» Required work
Every line below from the one containing "Suede Bomber Jacket" through the one containing "Translation missing: en.Peluca" is to be printed exactly, with the pictures omitted.

» Information given
◇ ◇ ◇ ◇ ◇

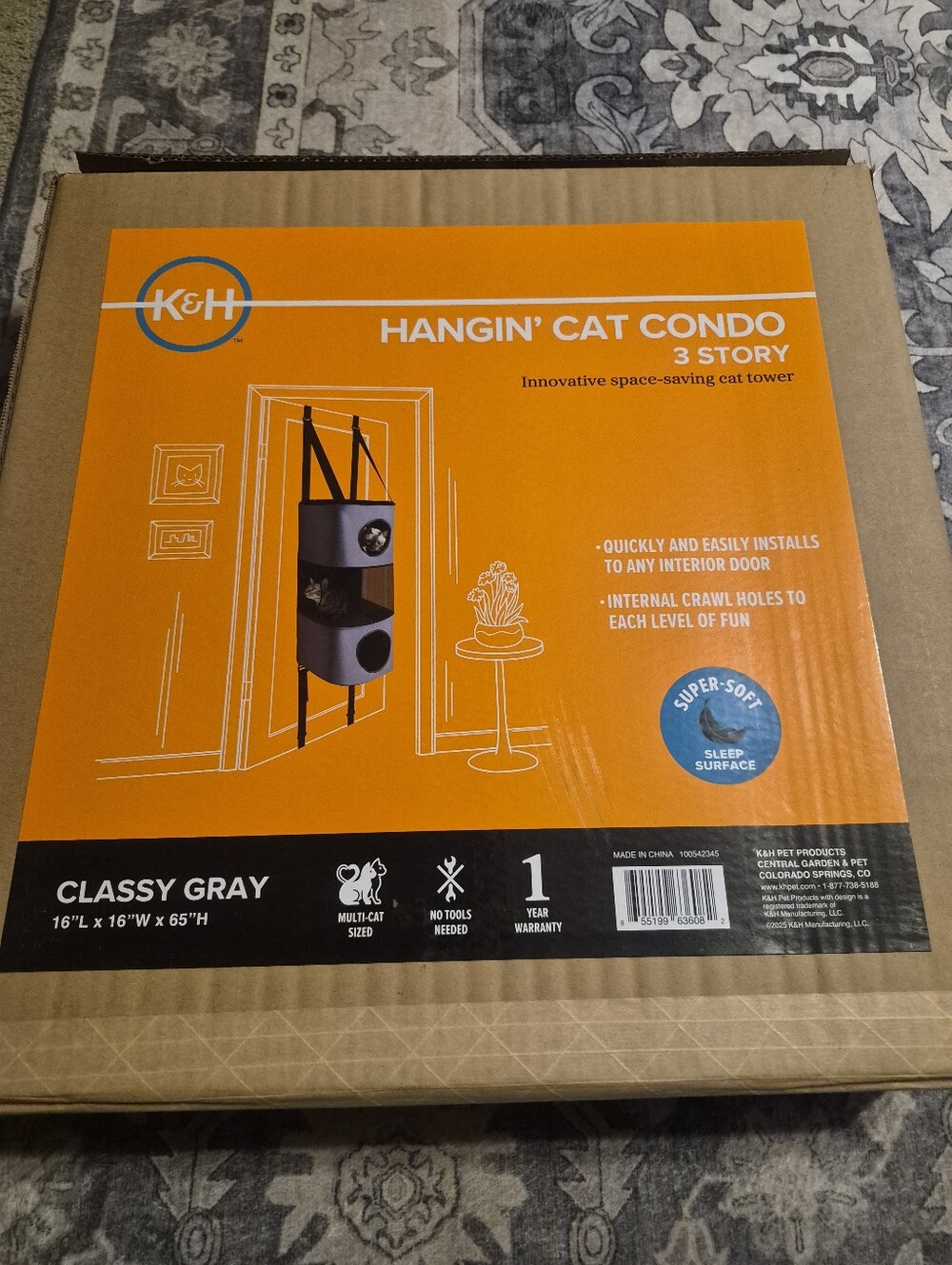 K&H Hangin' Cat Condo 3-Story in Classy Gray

◇ ◇ ◇ ◇ ◇

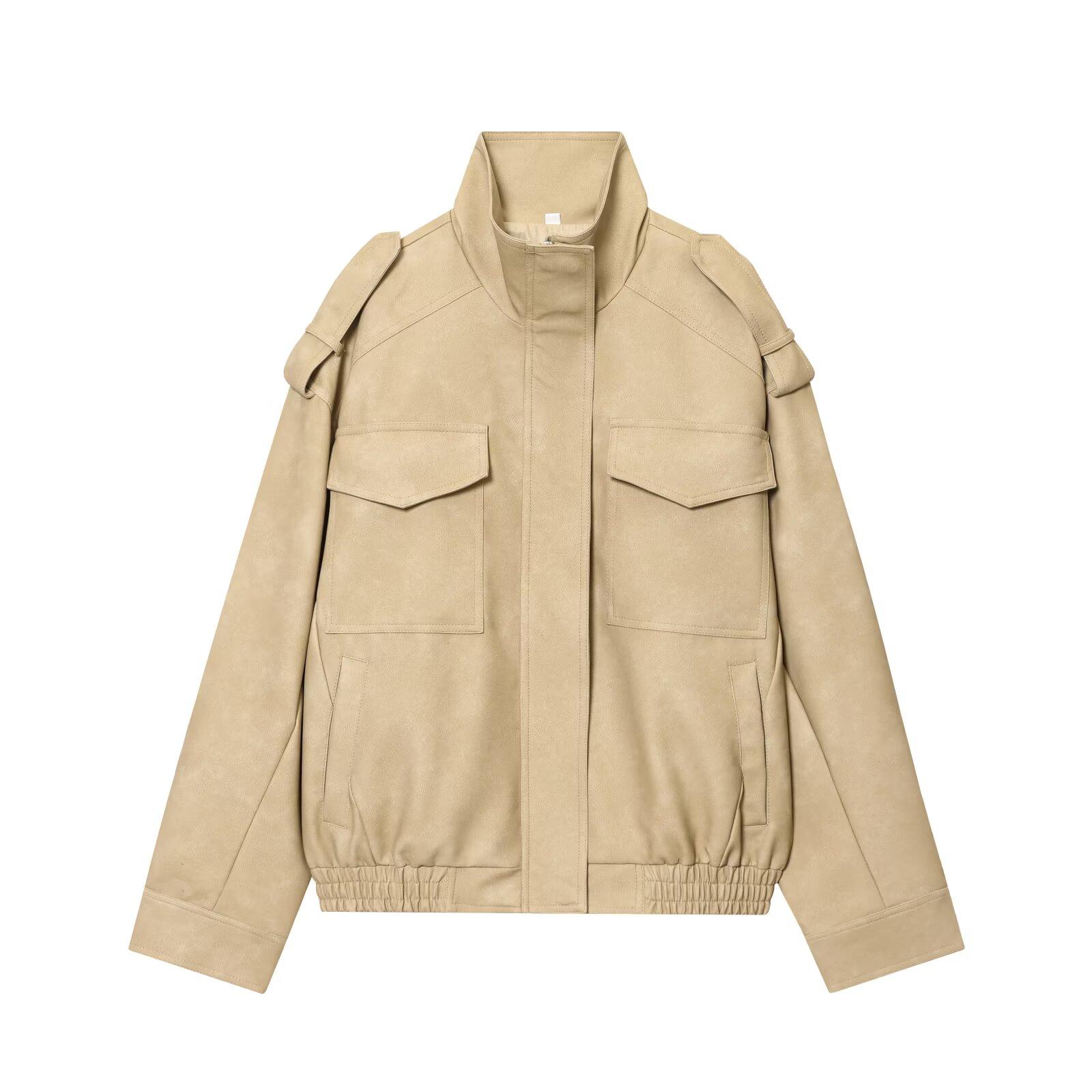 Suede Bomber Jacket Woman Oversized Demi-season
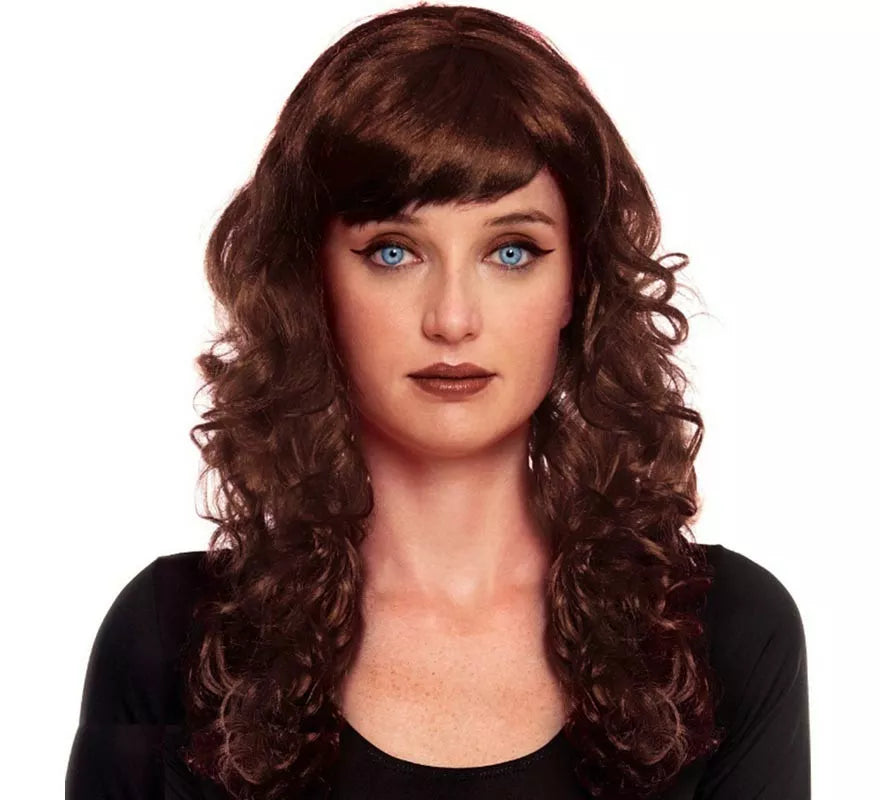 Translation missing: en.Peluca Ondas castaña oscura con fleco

◇ ◇ ◇ ◇ ◇

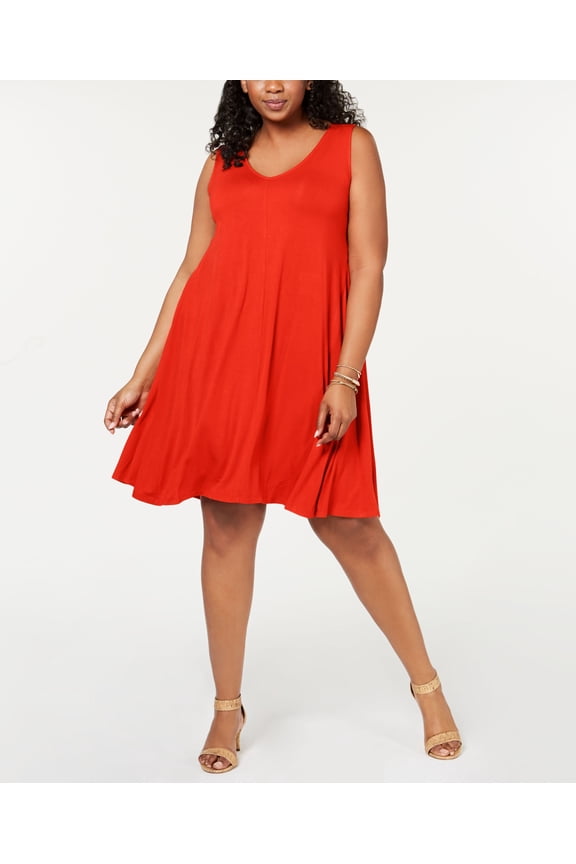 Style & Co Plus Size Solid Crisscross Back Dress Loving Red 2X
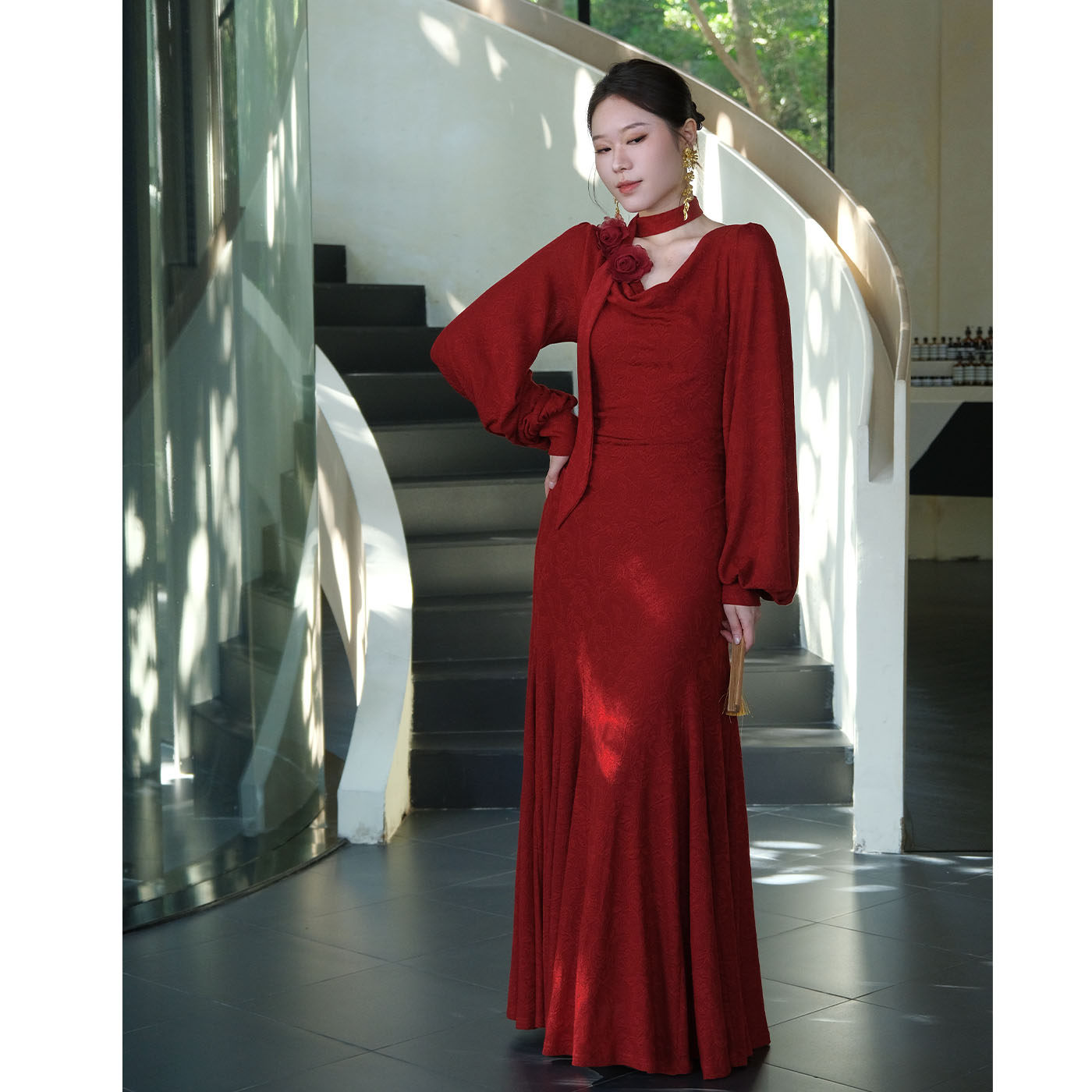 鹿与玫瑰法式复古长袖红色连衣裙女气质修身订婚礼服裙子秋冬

◇ ◇ ◇ ◇ ◇

» Result of this task
 Suede Bomber Jacket Woman Oversized Demi-season
 Translation missing: en.Peluca Ondas castaña oscura con fleco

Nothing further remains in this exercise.